▸ Exercise details
Beginning with the line that holds "Pokonać stres przed egzaminem | Genially" and ending with the last line, please repeat the entries exactly and omit the pictures.

Exercise inputs below:

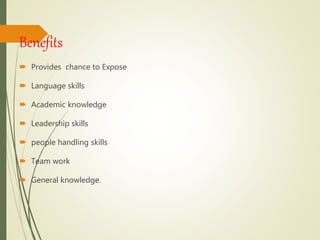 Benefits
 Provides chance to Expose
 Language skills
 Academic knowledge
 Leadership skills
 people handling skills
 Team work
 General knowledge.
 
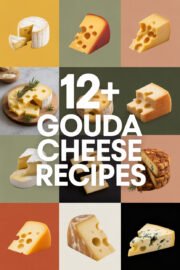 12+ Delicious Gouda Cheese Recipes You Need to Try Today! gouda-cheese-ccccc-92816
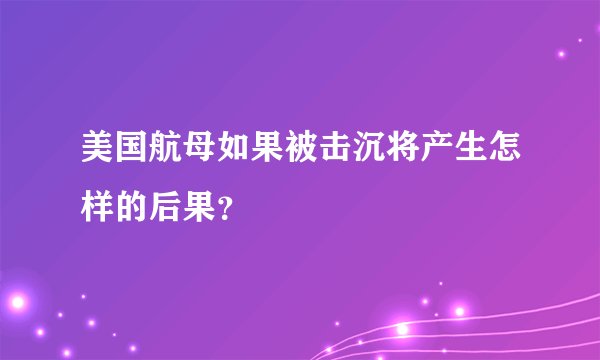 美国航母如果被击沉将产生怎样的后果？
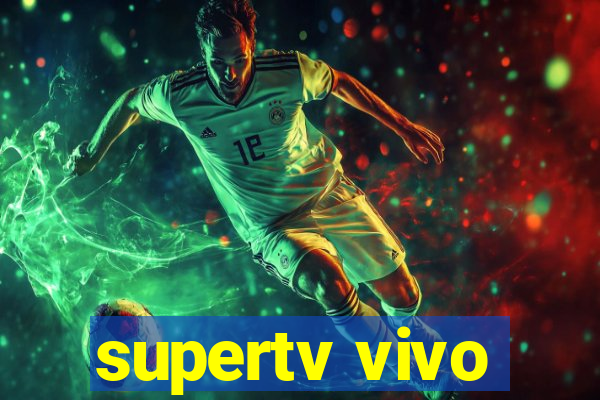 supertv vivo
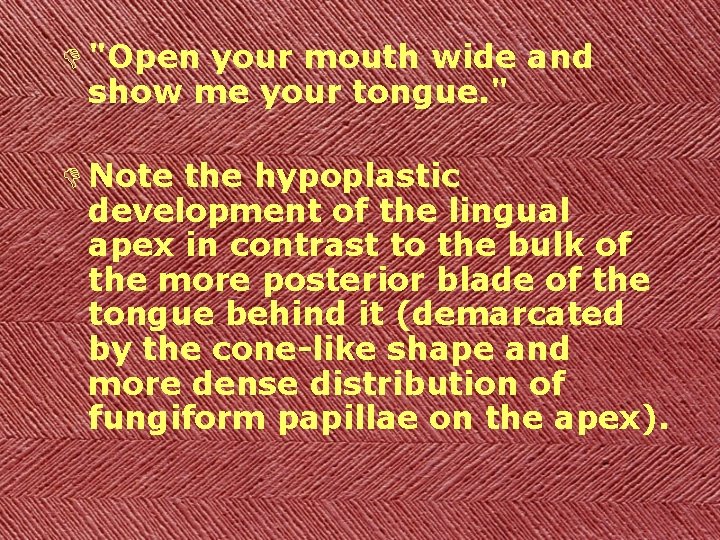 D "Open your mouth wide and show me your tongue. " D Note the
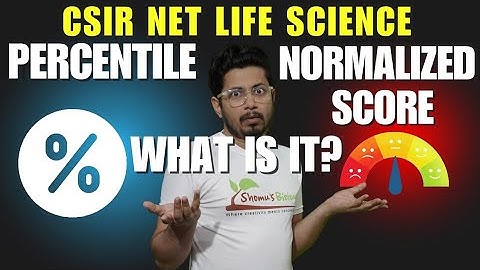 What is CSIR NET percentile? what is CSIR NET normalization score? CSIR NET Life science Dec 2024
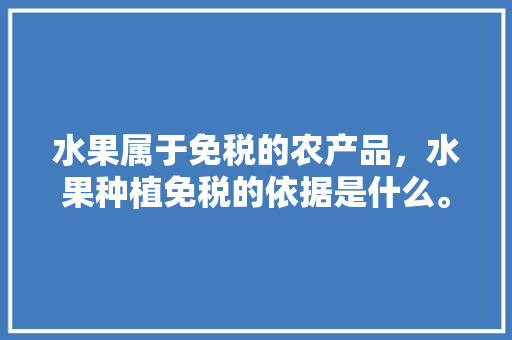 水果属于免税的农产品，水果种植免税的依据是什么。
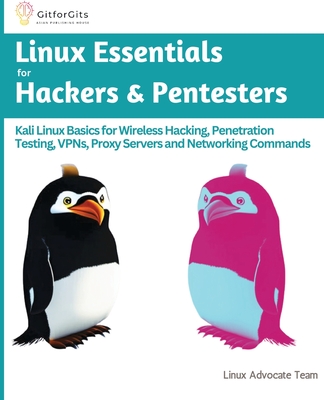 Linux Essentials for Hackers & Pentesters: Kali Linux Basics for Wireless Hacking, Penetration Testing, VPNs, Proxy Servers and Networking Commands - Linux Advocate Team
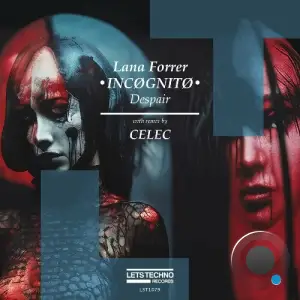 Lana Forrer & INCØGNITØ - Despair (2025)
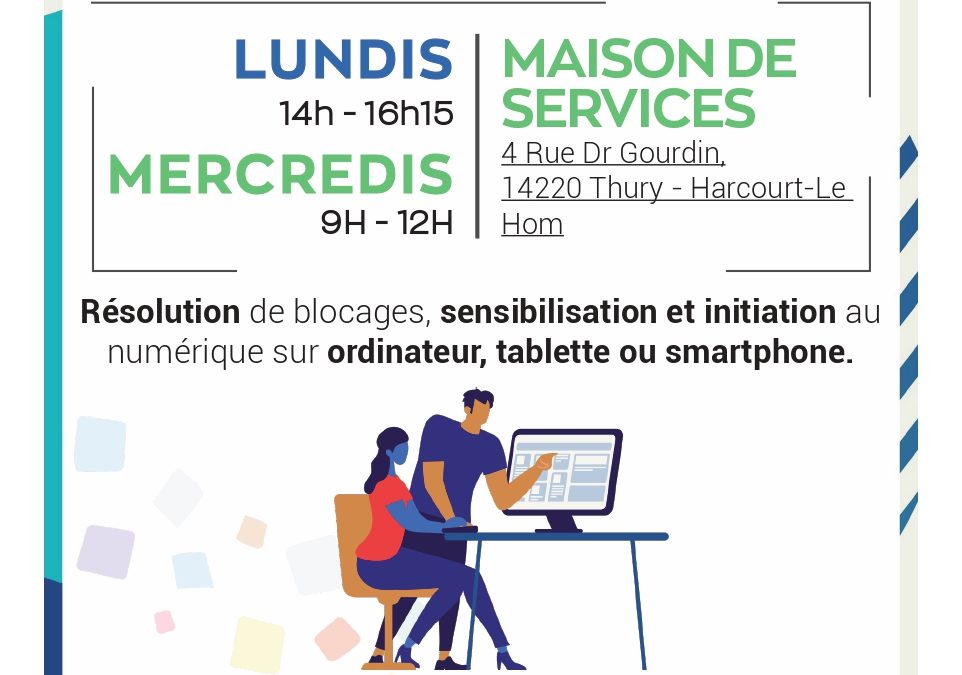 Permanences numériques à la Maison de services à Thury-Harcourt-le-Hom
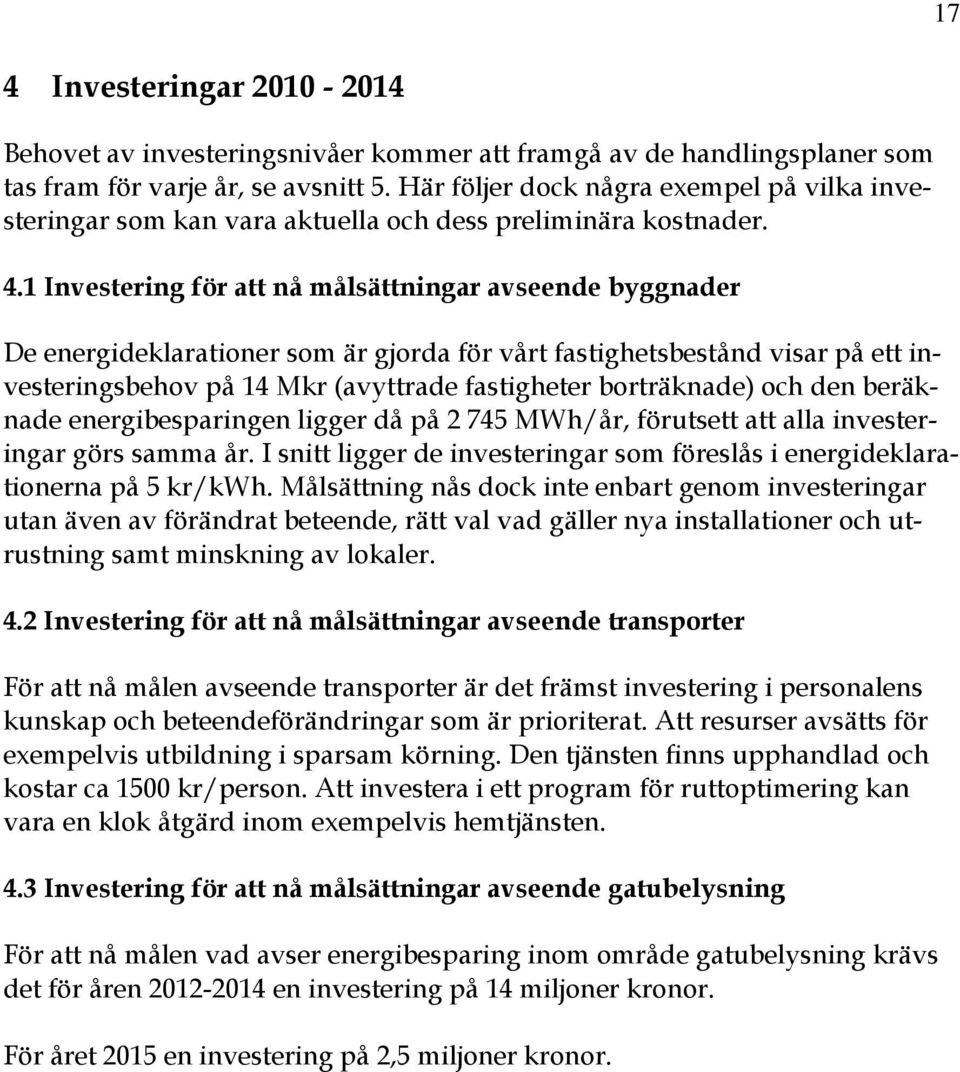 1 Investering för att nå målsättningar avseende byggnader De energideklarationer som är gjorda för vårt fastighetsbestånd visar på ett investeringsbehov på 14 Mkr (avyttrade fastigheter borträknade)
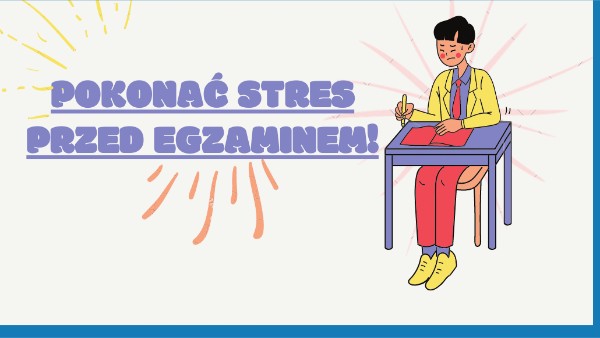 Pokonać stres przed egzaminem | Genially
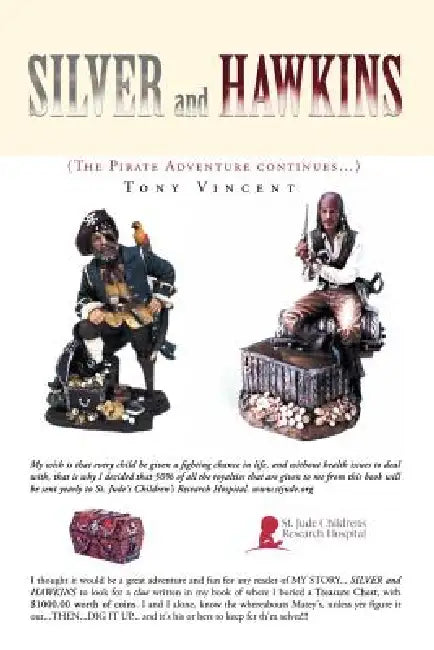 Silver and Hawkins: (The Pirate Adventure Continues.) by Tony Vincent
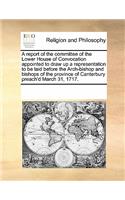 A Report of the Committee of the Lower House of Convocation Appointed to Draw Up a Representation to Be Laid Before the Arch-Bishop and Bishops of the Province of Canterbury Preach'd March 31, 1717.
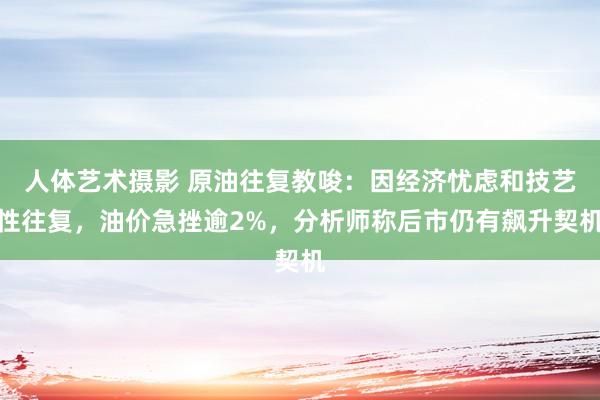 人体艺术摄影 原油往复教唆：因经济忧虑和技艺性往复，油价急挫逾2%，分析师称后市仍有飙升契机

End of Exercise inputs.

▸ Result below
 Pokonać stres przed egzaminem | Genially
 Silver and Hawkins: (The Pirate Adventure Continues.) by Tony Vincent
 A Report of the Committee of the Lower House of Convocation Appointed to Draw Up a Representation to Be Laid Before the Arch-Bishop and Bishops of the Province of Canterbury Preach'd March 31, 1717.
 人体艺术摄影 原油往复教唆：因经济忧虑和技艺性往复，油价急挫逾2%，分析师称后市仍有飙升契机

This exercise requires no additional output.